I will advise a decree in accordance with these views.

Note. — Ordinarily, there can be no partition of mines, Mountjoy’s Case, Godb. 17; Boston Franklinite Co. v. Condit, 4 C. E. Gr. 394; Conant v. Smith, 1 Aik. 67; Lenfers v. Henke, 73 Ill. 405; Adam v. Briggs Iron Co., 7 Cush. 361, 365, Shaw, C. J.; although it may be done if practicable, Hughes v. Devlin, 23 Cal. 501; Dall v. Confidence Mining Co., 3 Nev. 531; Canfield v. Ford, 16 How. Pr. 473, 38 Barb. 336; see Smith v. Cooley, 65 Cal. 46; Harlow v. Lake Superior Mining Co., 36 Mich. 105; Coleman v. Coleman, 19 Pa. St. 100; Coleman v. Grubb, 23 Pa. St. 393; Blewett v. Coleman, 40 Pa. St. 45; Coleman v. Blewett, 43 Pa. St. 176.

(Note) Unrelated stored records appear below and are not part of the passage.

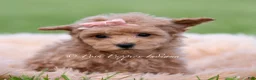 Maltipoo dogs for sale: Journey - Ad 4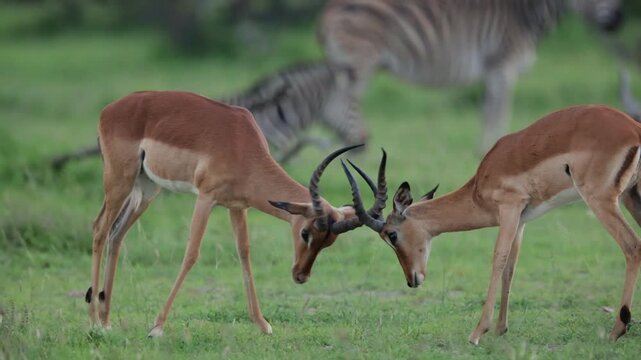  the impala rams play fighting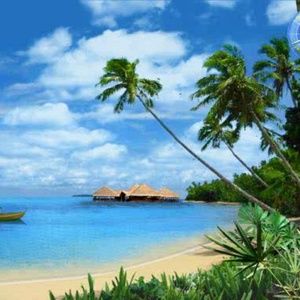 Meet your Posher, Rosemarie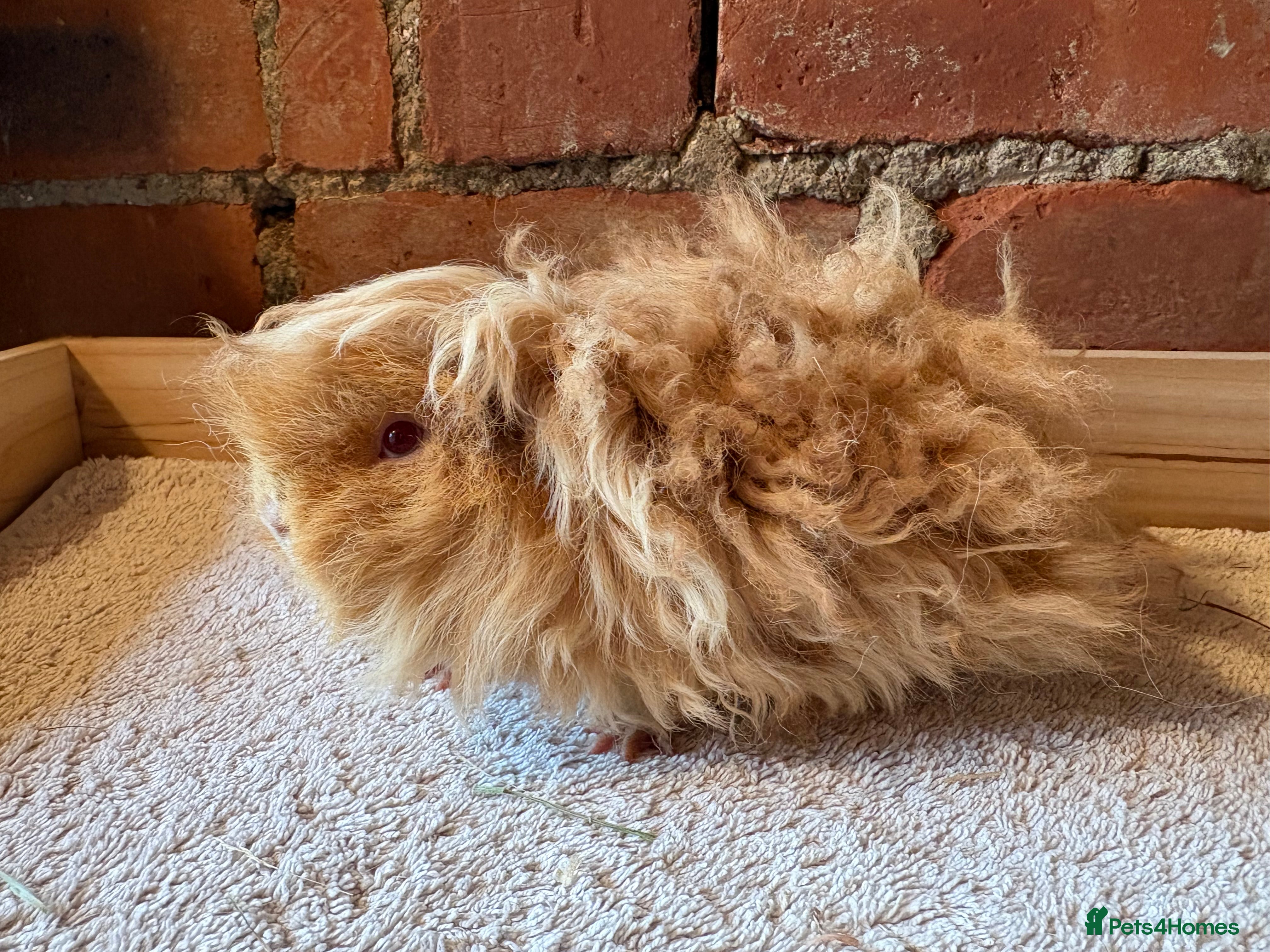 Guinea Pig rodents Male guinea pigs - long & short haired  - Advert 6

Two persons were entitled to real property for life, with remainder to their issue, who were not yet ascertained. The trustees of the will had, during the lives of the tenants for life, power to work a quarry on the estate &c., and were directed to work it, and to divide the profits among the persons entitled.— Held, that the-court could not order a partition or sale, as long as the power and trust lasted, Taylor v. Grange, L. R. (13 Ch. Div.) 223, L. R. (15 Ch. Div.) 165; although, by statute in England, the surface and mines may be sold separately by the court, Brown’s Trust, 9 Jur. (N. S.) 349; Palmer's Will, L. R. (13 Eq.) 408; Pryse’s Case, L. R. (10 Eq.) 531.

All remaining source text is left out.